Kadınlar ve erkekler arasında bir eşitsizlik olduğu herkesin malumudur diye düşünüyorum. Tabi ekonomik ve siyasal güç eşitsizliğinden bahsediyorum. Toplumda erkekler daha fazla güce ve söz hakkına sahipler. Toplumdaki kilit konumlarda genellikle erkekler bulunuyor. Daha fazla milletvekili erkek, daha fazla profesör erkek, daha fazla meslek erbabı erkek, daha fazla CEO erkek ve bunun gibi. Ayrıca, ailede de çoğunlukla erkek daha fazla güce ve söz hakkına sahip. Kadınların daha fazla ev işi yapması, çocuklarla ilgilenmesi, ev idaresinde daha fazla emek harcaması bekleniyor ve fakat bu işler genelde göze görünmeyen, takdir görmeyen, ekonomik karşılığı olmayan işler. Erkekler de dışarıda çalışıyor ve şüphesiz onlar da emek harcıyorlar ama genelde ekonomik gücü de ellerinden tutuyorlar.
Terapistlerin bu konudaki genel tavrı ise, tabi bu benim görüşüm, “toplumu değiştiremeyeceğimize göre terapiye gelen çifte, bu güç eşitsizliğini göz ardı ederek yardımcı olmaya çalışalım.” Yani, bu eşitsizlik meselesine girersek işin içinden çıkamayız, psikologlar olarak toplumu değiştirmek gibi bir amacımız olamaz, öte yandan eşitsizlik meselesine girersek terapiye gelen çiftin kadınına ve erkeğine eşit mesafede durmamış oluruz, kadının tarafında gibi gözükürüz, o nedenle bu eşitsizlik durumunu parantez içine alalım, bu konuya girmeyelim, bu çiftin eşitsizlik dışında nasıl bir derdi var onu anlayalım ve onunla ilgili yardım sunalım. Ne de olsa toplumsal eşitsizlik psikolojinin değil sosyolojinin konusu. Eğer eşlerden biri, ki bu genellikle kadın olur, eşitsizlikle ilgili bir meseleyi terapiye getirirse, bu konuyla ilgili bir derdi varsa, ona kısaca şu mesajı verelim “eşitsizlik var, doğru, ama ya bu deveyi güdeceksin ya bu diyardan gideceksin; bak bu mesele kolay kolay değişmez, sen de buna takılır kalırsan diğer meselelerde hiçbir şey elde edemezsin. Örneğin, duygusal bir ihtiyacınla ilgili başka bir meselen varsa ilişkinde, eşitsizlik meselesine takılıp kalırsan duygusal ihtiyacın hiç karşılanmaz, eşitsizlik meselesiyle erkeği defansif hale getirirsin ve iyice uzaklaşır senden, istediğin duygusal yakınlıkken tam tersini elde emiş olursun.”
Doğru mu, doğru tabi.

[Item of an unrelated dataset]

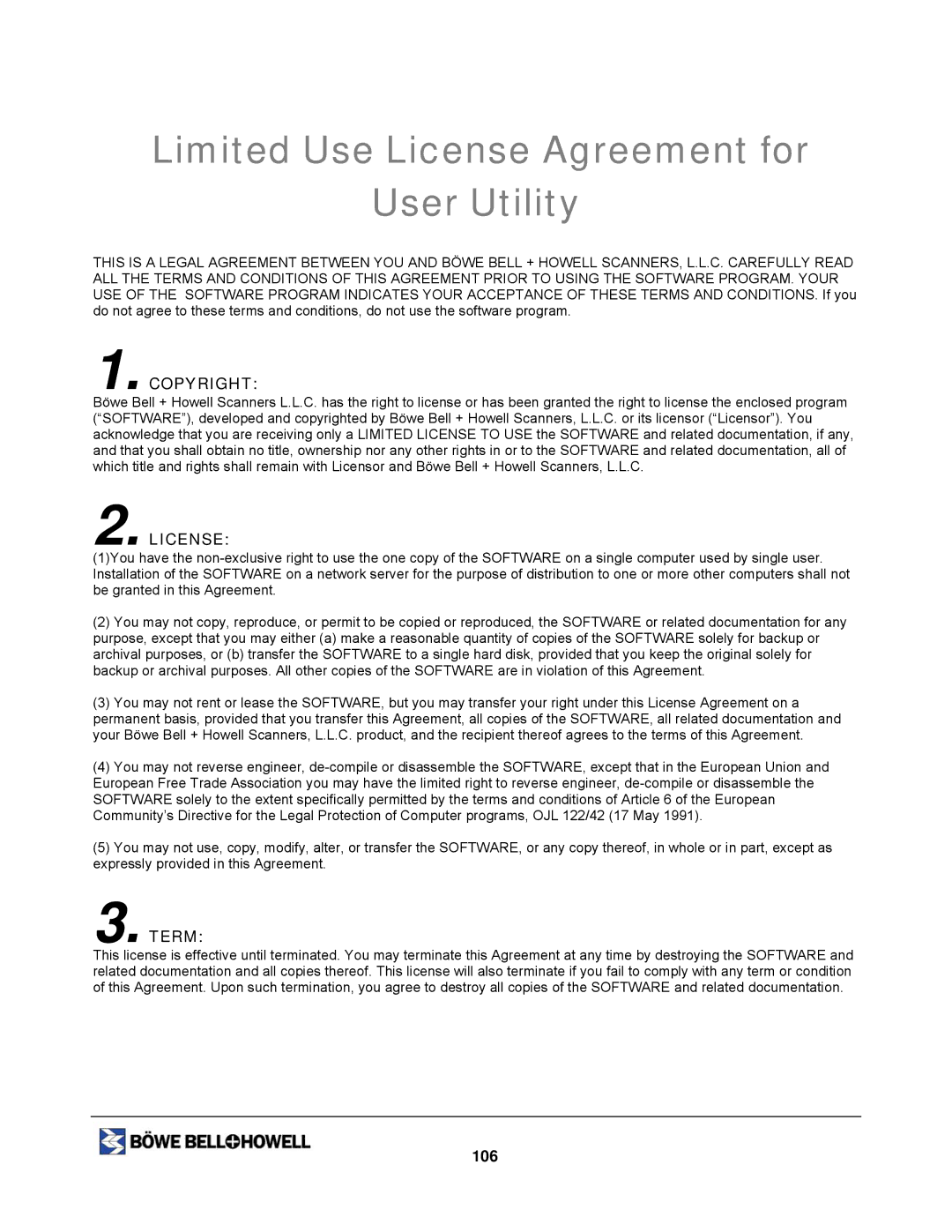 Bowe, Bell + Howell 1400U, 1200 manual Limited Use License Agreement for User Utility, Term, 106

Mantılı mı, mantıklı. Ama suya sabuna dokunmadan, toplumsal meselelere girmeden, steril bir ortamda yaşıyormuşuz gibi terapi yaptığımızda gerçekten çifte faydalı olmuş oluyor muyuz, yoksa sadece bir gerçeği görmezden gelmiş ve çifte de görmezden gelmesini söylemiş mi oluyoruz? Bu eşitsizliğin duygusal yükünü hiç konuşmamış, değişime bir şans vermeden düzeni desteklemiş oluyoruz. Böyle gelmiş böyle gider demenin ötesinde, böyle de gitsin zaten, doğrusu da budur demiş oluyoruz.

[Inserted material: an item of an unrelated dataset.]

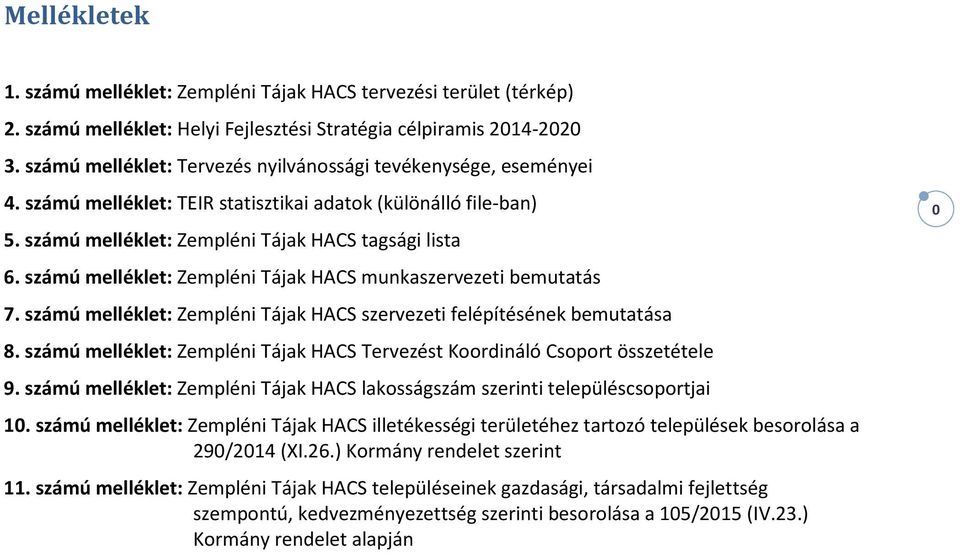 számú melléklet: Zempléni Tájak HACS munkaszervezeti bemutatás 7. számú melléklet: Zempléni Tájak HACS szervezeti felépítésének bemutatása 8.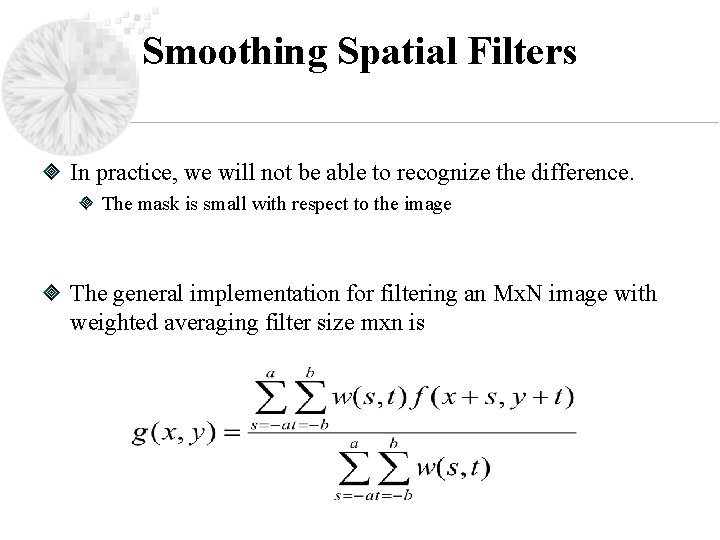Smoothing Spatial Filters In practice, we will not be able to recognize the difference.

Bu durum aslında diğer toplumsal eşitsizlikler için de geçerli tabi, etnik köken, din, dil, ırk, ekonomik sınıf gibi. Yani terapistlerin bu konularda da “bize ne, biz psikolojik değişkenlere bakarız, bunlarla sosyologlar ilgilensin” demeleri doğru değil. Hepsi insana dair ve hepsi psikolojinin alanına giriyor. Aslında kültürel psikoloji ve çokkültürlü terapi alanlarındaki araştırmacılar ve terapistler bu konuları ele alıyor ve tartışıyorlar, fakat daha çok yabancı alanyazında yayınlanıyor bu yazılar. Peki terapistler bu gibi konulara nasıl yaklaşmalı, terapide bunları nasıl ele almalı, bu konular bu yazının kapsamı dışında kalıyor, bunlar psikoterapi eğitimcilerinin kafa yorması gereken konular kanaatimce. Sonuç olarak, eşitsizlik psikoterapinin konusu olabilmeli ve her psikoterapist bu konuları terapide etkin bir şekilde ele alabilecek yeterliliğe sahip olmalı.